You know the type. The annoying ones who keep bringing up vertical tabs in conversations where nobody asked. The people who start sentences with ”once you get used to it…” and then proceed to explain browser ergonomics like they’ve discovered fire.
The worst part is that they’re right.
The thing nobody tells you about vertical tabs is that they don’t really solve a browser problem. They solve a modern internet problem.
Back when I had six or seven tabs open at a time, horizontal tabs worked perfectly fine. The tab bar sat at the top, showed me what was open, and life moved on. Then somewhere along the way, the internet turned into a collection of rabbit holes. A few Google searches became twenty tabs. A YouTube video became five comparison articles. Researching one thing somehow opened three entirely unrelated subjects because my brain spotted something shiny along the way.
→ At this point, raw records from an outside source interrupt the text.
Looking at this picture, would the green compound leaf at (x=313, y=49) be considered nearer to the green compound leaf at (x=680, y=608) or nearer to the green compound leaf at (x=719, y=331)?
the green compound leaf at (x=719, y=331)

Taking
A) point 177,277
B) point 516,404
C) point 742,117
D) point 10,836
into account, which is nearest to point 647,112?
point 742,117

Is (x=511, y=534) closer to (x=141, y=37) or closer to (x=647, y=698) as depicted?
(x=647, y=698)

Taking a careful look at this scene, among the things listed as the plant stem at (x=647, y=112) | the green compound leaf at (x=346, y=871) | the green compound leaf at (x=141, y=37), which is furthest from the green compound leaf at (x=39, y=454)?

Suddenly, thirty tabs weren’t unusual anymore. Horizontal tabs handle this about as gracefully as a shopping cart handles Formula 1 racing.
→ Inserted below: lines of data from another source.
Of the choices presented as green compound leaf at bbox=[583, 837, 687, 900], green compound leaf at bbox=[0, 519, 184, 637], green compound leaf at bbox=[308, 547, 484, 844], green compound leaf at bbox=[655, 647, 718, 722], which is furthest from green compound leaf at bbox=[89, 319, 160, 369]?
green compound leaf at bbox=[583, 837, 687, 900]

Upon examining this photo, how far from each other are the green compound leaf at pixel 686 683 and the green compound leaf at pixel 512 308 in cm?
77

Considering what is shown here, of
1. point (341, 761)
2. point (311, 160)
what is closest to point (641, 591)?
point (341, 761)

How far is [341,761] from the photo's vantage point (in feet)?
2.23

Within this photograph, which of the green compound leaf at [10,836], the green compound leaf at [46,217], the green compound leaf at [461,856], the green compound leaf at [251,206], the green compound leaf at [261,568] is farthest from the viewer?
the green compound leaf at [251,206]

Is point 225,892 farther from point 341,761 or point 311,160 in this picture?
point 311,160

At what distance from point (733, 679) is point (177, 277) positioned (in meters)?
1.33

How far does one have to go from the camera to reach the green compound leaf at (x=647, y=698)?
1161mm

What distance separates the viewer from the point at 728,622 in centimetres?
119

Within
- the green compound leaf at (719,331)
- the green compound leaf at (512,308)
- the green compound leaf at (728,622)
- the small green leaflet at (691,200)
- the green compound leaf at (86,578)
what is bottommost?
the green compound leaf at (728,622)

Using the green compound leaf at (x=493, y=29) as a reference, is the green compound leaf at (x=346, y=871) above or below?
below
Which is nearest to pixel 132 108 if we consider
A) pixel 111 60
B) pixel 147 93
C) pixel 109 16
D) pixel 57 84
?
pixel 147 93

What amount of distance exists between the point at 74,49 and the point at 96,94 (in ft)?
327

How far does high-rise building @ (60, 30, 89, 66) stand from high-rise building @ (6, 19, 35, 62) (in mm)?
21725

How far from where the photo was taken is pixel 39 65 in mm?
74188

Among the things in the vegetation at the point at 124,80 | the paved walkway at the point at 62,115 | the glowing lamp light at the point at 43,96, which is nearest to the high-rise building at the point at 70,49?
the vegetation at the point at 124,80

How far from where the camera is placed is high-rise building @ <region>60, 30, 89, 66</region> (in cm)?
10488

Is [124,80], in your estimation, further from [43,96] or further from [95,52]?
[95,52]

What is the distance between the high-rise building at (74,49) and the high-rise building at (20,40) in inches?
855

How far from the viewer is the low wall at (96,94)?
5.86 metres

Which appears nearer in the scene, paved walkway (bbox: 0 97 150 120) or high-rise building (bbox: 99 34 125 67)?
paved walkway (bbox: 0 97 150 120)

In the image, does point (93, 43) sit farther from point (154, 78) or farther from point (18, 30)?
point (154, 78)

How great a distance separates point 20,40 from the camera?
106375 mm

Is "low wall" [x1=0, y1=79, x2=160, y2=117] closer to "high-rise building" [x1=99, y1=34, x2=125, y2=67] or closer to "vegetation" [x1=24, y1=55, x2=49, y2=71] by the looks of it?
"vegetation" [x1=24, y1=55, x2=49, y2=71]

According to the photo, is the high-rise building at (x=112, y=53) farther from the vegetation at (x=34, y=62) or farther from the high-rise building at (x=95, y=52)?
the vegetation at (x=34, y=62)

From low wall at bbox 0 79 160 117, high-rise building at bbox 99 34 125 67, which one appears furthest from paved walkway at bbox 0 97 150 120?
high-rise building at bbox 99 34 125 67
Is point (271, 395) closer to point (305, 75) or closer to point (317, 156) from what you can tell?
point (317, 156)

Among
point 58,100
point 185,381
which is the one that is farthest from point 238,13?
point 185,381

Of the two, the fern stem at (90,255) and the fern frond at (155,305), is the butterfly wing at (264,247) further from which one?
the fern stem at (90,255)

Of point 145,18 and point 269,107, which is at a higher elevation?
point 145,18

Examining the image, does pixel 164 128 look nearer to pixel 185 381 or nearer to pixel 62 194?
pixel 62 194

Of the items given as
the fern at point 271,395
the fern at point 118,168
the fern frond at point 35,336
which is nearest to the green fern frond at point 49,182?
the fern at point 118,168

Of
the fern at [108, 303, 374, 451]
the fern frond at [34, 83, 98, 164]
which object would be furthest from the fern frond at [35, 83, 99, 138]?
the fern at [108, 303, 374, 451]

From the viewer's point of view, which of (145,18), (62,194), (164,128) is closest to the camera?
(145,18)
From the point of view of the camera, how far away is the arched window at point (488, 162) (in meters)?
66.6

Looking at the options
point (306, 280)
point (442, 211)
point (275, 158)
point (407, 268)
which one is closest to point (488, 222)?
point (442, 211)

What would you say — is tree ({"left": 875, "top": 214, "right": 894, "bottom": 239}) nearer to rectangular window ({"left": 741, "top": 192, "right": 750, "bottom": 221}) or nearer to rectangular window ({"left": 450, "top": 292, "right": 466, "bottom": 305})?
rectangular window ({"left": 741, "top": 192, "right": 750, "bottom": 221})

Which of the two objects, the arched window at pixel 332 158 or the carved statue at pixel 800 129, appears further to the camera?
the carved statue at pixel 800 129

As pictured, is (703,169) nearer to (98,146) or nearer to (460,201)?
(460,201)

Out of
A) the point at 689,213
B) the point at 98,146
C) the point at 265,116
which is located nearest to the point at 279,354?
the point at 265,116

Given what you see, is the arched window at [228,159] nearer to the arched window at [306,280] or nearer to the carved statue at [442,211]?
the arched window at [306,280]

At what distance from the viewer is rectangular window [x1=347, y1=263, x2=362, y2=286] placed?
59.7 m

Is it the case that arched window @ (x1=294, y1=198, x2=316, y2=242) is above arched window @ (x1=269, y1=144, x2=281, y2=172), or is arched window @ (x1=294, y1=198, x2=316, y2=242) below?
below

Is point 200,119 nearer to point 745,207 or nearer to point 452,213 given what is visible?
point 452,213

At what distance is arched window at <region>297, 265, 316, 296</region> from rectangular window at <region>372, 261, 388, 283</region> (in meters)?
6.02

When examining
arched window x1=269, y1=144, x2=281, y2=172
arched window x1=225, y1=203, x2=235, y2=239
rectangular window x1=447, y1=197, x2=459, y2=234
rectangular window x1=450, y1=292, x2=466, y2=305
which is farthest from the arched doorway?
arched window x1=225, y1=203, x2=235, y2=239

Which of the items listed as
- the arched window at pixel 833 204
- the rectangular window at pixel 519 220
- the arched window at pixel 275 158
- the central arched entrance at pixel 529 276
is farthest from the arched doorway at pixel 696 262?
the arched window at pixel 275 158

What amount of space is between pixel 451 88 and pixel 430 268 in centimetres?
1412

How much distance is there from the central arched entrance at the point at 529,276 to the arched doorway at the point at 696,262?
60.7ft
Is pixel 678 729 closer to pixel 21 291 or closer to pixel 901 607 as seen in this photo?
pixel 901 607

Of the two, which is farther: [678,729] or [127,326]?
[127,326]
As more tabs pile up, they start shrinking. Titles disappear. Favicons become microscopic. Eventually, you’re playing a game of browser roulette where every tab looks identical and clicking the right one becomes more luck than skill.
Vertical tabs don’t have that problem.
Instead of squeezing tabs into a space that never gets bigger, they use the one thing modern displays have an abundance of: horizontal space. Most websites still behave like it’s 2008 and leave giant empty margins on both sides of the screen. Vertical tabs simply move into that unused real estate and make it useful.
It sounds almost insultingly simple. And it works ridiculously well.
What surprised me wasn’t that I could see more tabs. What surprised me was that I started organizing them. Vivaldi lets you create tab stacks, workspaces, and all sorts of browser wizardry that I fully expected to ignore. Instead, I found myself separating research from entertainment, work from personal browsing, and ongoing projects from random internet nonsense.
Apparently, my brain likes order. Who knew?
The other thing Vivaldi got right was that it didn’t force me to change everything at once.
It actually took me a couple of months to set Vivaldi up, exactly how I like and want it. I actually read guides, installed extensions (you can use Chrome extensions), and tinkered about. It was amazing to see how much you can actually change and make your own. I was recently approached in public by a person asking me about my browser, as they’ve seen me working at a cafe. Apparently, it looks cool(!)
A week turned into a month. A month turned into six. Before I knew it, Chrome wasn’t my default browser anymore. In fact, Chrome is installed, but I never even start it anymore.
I might even uninstall it.
I never set out to replace Chrome. I wasn’t angry at Google. I wasn’t on a privacy crusade. I wasn’t trying to make a statement. I was just looking for something that felt a little faster and a little less bloated.
What I found was a browser that fit how I actually use the internet in 2026.
And yes, before anyone asks, I still think vertical tabs sounded stupid when I first heard about them. But damn, they’re a game-changer.
Some lessons have to be learned the hard way.